SUPPLIED RECORDS Block Start
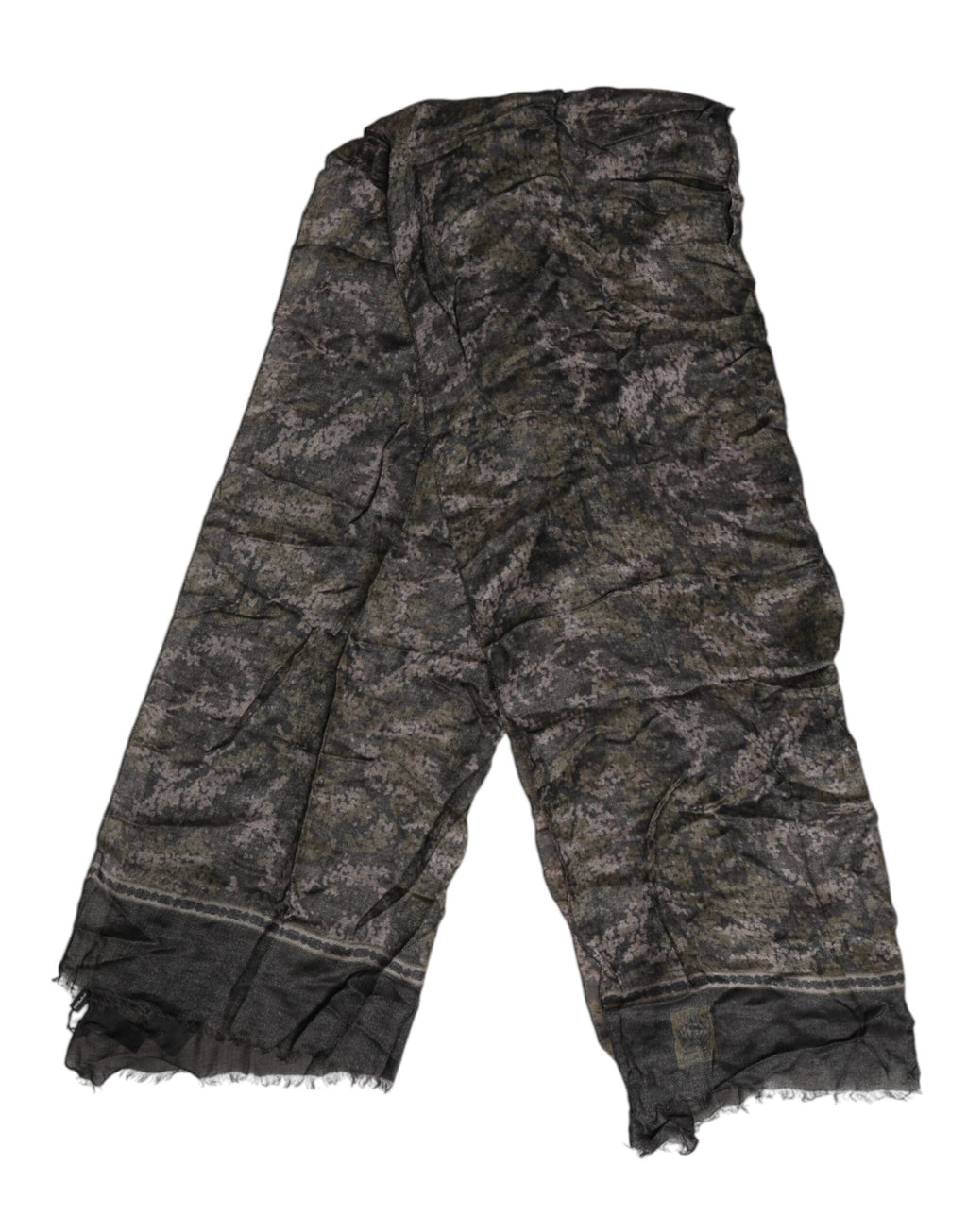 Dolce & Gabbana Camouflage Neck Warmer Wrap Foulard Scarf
SUPPLIED RECORDS Block End
SUPPLIED RECORDS Block Start
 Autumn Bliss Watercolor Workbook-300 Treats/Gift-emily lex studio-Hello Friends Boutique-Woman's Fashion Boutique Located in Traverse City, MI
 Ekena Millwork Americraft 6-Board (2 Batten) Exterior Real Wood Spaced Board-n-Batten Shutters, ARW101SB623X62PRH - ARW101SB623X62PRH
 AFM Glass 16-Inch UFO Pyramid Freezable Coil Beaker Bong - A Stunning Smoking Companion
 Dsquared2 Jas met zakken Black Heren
SUPPLIED RECORDS Block End
SUPPLIED RECORDS Block Start
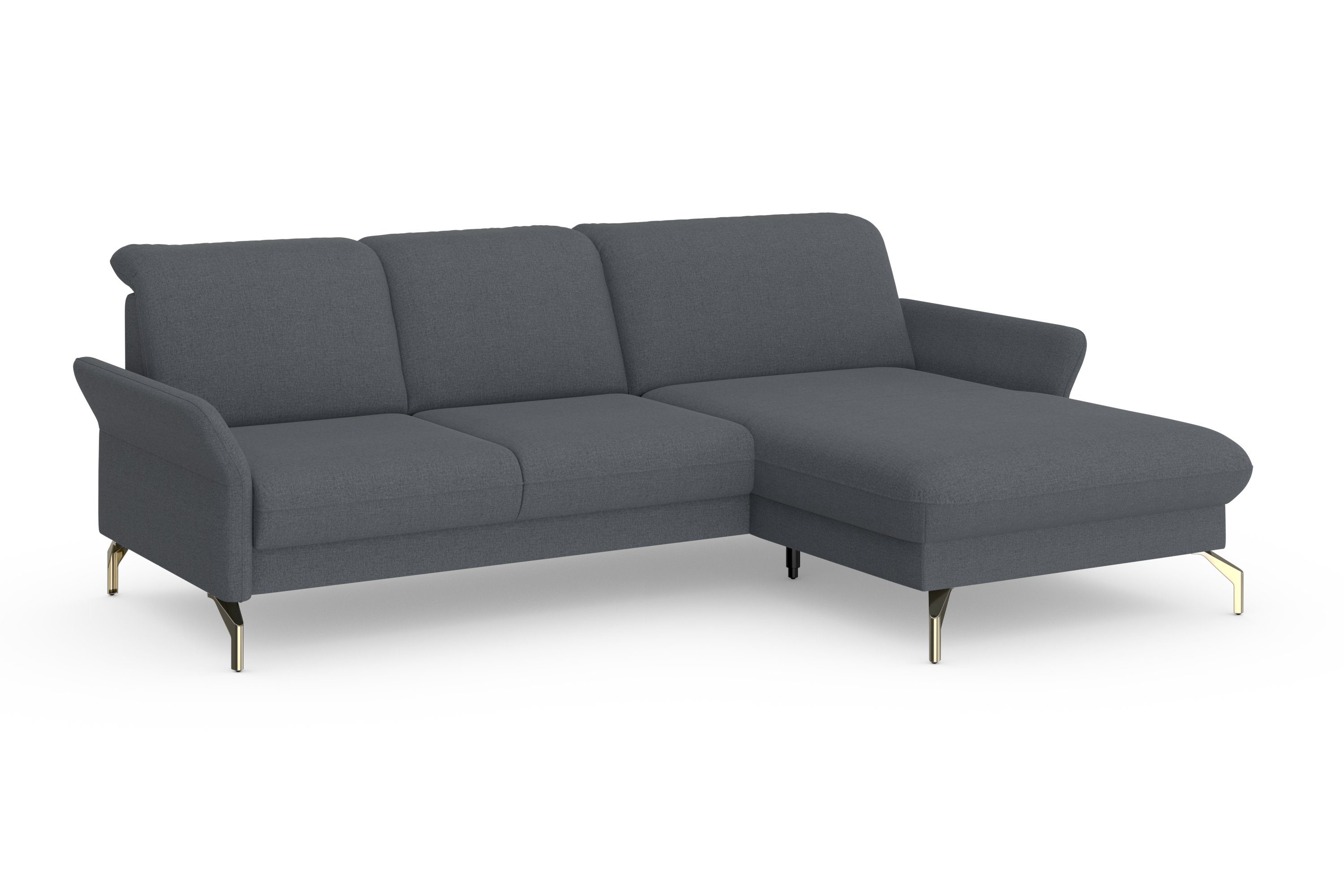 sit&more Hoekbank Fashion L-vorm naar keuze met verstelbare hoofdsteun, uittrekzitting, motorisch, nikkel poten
SUPPLIED RECORDS Block End
* WHAT TO DO *
Starting at the line that has "Autumn Bliss Watercolor" in the records above, restate word for word every line until the one that has "Dsquared2 Jas met zakken Black Heren", and include that one as well.

* OUTPUT BELOW *
 Autumn Bliss Watercolor Workbook-300 Treats/Gift-emily lex studio-Hello Friends Boutique-Woman's Fashion Boutique Located in Traverse City, MI
 Ekena Millwork Americraft 6-Board (2 Batten) Exterior Real Wood Spaced Board-n-Batten Shutters, ARW101SB623X62PRH - ARW101SB623X62PRH
 AFM Glass 16-Inch UFO Pyramid Freezable Coil Beaker Bong - A Stunning Smoking Companion
 Dsquared2 Jas met zakken Black Heren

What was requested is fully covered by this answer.